If you’ll permit me, I am trying something new here.

I am following up last Friday’s communication – my first journal entry in over three years – with a light-hearted piece of a different format.

I’ve been about as unplugged as one can be for the last five years. I would skim through the headlines on Zero Hedge… and I would update the plug-ins for Zenconomics.com, but that’s about it.

For all other extents and purposes, I have been disconnected from the world.

In fact, one of my crowning achievements came a year or so ago when my publishing network asked me to interview a gentleman they were considering hiring as an analyst.

After I agreed to do so, I guess they wanted to give this guy some background on me. Apparently, the common protocol for this is to send over LinkedIn profiles ahead of time.

I don’t think this way, but it makes sense. They figured this gentleman should have a basic picture of who he would be speaking with. And LinkedIn would provide that picture.

Except they couldn’t find me anywhere on LinkedIn. Or Facebook. Or any other mainstream social media platform.

So when I get on the call with this guy he gave me the full scoop. “Yeah, they said they were going to send me your LinkedIn info, but they couldn’t find it. They told me you must be pretty dark. I wasn’t sure what to make of that.”

I was so proud.

The joke’s on them though. Had they searched MeWe, they would have found me.

Anyway, I wanted to follow-up last Friday’s journal entry on the secret of green energy.

I am a big fan of solar as a means of personal energy independence. I also like the idea of electric vehicles (EVs). That’s because there are no belts, hoses, or fluids. And there are very few moving parts.

Logically, I have to think that means the car shouldn’t wear out or break down. The battery needs to be replaced every so often… but there shouldn’t be many other repairs necessary.

I reserve the right to be wrong about this. It’s not something I’ve researched extensively. But the concept makes sense to me.

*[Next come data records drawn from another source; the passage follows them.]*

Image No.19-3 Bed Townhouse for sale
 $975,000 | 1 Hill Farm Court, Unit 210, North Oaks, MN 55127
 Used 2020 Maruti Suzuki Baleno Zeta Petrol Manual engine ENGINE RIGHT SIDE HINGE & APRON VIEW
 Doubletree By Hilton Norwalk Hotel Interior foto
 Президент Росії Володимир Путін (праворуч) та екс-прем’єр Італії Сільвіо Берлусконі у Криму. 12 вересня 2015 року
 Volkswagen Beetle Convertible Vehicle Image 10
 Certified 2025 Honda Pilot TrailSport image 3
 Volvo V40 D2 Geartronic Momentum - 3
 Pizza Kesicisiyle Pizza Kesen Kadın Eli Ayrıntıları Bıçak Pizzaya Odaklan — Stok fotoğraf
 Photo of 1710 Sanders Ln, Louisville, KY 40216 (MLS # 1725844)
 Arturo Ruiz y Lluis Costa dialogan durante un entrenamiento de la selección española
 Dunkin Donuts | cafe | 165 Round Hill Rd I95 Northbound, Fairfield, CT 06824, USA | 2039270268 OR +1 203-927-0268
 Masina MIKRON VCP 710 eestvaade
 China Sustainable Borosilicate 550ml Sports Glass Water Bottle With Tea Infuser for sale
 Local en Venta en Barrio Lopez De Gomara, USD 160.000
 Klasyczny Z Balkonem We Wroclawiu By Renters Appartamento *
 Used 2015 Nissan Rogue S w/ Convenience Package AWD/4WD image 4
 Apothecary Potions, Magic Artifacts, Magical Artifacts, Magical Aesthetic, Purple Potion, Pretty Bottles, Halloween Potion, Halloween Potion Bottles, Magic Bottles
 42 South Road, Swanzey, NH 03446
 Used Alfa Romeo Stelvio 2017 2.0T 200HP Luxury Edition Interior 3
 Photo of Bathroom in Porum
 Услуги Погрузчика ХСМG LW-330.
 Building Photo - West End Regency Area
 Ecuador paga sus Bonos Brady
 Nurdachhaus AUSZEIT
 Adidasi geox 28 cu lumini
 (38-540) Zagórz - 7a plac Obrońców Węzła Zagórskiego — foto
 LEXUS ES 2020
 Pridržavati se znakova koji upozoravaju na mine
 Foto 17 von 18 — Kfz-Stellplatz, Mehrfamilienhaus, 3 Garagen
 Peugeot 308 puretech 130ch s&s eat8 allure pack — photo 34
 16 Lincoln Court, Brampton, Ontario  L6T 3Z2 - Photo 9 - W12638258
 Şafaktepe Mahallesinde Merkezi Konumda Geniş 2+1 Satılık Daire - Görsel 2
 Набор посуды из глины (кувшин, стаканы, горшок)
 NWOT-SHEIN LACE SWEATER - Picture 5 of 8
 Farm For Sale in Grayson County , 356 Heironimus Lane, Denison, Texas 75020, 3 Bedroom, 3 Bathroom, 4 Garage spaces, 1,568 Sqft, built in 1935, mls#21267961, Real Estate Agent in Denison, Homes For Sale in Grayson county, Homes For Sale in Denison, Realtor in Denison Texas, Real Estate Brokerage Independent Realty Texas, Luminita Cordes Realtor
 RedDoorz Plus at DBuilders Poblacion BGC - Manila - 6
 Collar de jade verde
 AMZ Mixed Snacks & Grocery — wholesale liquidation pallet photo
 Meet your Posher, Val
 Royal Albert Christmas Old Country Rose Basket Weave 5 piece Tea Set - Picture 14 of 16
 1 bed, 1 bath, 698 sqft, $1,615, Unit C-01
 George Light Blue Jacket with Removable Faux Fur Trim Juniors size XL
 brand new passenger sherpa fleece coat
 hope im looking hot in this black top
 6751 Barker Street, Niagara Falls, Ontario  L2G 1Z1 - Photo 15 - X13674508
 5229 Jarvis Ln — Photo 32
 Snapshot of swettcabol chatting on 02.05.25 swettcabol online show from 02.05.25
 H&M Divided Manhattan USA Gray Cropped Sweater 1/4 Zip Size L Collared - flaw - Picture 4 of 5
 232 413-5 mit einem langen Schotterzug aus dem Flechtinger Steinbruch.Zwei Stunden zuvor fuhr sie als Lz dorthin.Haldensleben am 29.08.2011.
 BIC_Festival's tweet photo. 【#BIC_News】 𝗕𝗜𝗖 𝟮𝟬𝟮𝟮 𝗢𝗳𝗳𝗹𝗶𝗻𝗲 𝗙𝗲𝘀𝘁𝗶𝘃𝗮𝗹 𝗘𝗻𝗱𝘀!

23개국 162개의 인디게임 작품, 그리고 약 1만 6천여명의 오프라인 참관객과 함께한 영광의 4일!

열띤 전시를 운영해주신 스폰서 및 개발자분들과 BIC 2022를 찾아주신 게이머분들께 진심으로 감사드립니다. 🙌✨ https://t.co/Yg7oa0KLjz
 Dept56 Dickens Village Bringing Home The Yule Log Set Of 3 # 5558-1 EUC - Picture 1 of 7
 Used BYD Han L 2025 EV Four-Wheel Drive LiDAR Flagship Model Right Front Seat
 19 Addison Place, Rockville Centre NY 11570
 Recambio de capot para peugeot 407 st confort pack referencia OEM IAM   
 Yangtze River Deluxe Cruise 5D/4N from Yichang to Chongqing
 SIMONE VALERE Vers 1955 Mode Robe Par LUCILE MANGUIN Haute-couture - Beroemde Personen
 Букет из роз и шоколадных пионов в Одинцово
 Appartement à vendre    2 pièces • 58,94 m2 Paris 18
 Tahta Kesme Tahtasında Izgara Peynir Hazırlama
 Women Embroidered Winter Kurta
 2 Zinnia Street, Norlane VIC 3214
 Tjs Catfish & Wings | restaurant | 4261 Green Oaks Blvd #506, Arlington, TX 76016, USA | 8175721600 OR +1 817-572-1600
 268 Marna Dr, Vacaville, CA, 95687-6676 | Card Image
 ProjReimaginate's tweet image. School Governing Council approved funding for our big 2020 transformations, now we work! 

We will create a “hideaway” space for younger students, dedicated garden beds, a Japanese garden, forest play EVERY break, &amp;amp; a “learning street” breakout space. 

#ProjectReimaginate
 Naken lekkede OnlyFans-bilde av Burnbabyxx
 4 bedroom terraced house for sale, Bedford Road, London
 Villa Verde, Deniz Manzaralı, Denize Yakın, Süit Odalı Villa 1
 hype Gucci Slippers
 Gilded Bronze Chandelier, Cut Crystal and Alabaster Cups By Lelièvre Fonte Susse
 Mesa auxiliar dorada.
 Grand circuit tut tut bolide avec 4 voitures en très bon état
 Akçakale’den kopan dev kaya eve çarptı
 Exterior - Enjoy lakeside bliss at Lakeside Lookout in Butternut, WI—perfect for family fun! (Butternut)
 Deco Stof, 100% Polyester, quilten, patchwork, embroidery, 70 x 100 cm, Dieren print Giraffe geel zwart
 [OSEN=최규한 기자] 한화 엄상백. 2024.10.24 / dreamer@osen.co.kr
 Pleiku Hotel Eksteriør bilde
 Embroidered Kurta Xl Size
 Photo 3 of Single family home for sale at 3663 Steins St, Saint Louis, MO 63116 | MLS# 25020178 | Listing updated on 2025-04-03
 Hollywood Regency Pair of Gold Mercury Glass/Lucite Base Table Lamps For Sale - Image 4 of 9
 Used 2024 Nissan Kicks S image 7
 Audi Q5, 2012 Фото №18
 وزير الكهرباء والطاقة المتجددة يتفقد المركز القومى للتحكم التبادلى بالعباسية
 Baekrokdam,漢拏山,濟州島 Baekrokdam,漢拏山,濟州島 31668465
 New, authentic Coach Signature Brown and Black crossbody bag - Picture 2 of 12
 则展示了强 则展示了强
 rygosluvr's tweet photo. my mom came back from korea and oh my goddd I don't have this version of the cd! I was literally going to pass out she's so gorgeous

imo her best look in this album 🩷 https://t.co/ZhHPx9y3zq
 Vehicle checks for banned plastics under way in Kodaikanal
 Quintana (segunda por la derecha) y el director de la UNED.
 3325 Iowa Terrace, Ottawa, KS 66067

That said, I find it laughable that .gov has this idea that it can force everybody to switch to EVs over the next eight or ten years.

Think about this – charging an EV requires roughly twenty-five times more energy than running a refrigerator.

So if we force millions of people to switch to electric cars… and if we assume an average of two cars per household… well, that’s the equivalent of every house running fifty refrigerators at the same time.

Good luck, power grid.

That is, unless nuclear fusion hits the scene. There’s an immense amount of R&D happening around fusion technology right now. And it has been funded almost exclusively with private capital.

Nuclear fusion involves taking two separate nuclei and combining them to form a new nucleus within a special reactor. This creates a plasma reaction that produces an enormous amount of energy.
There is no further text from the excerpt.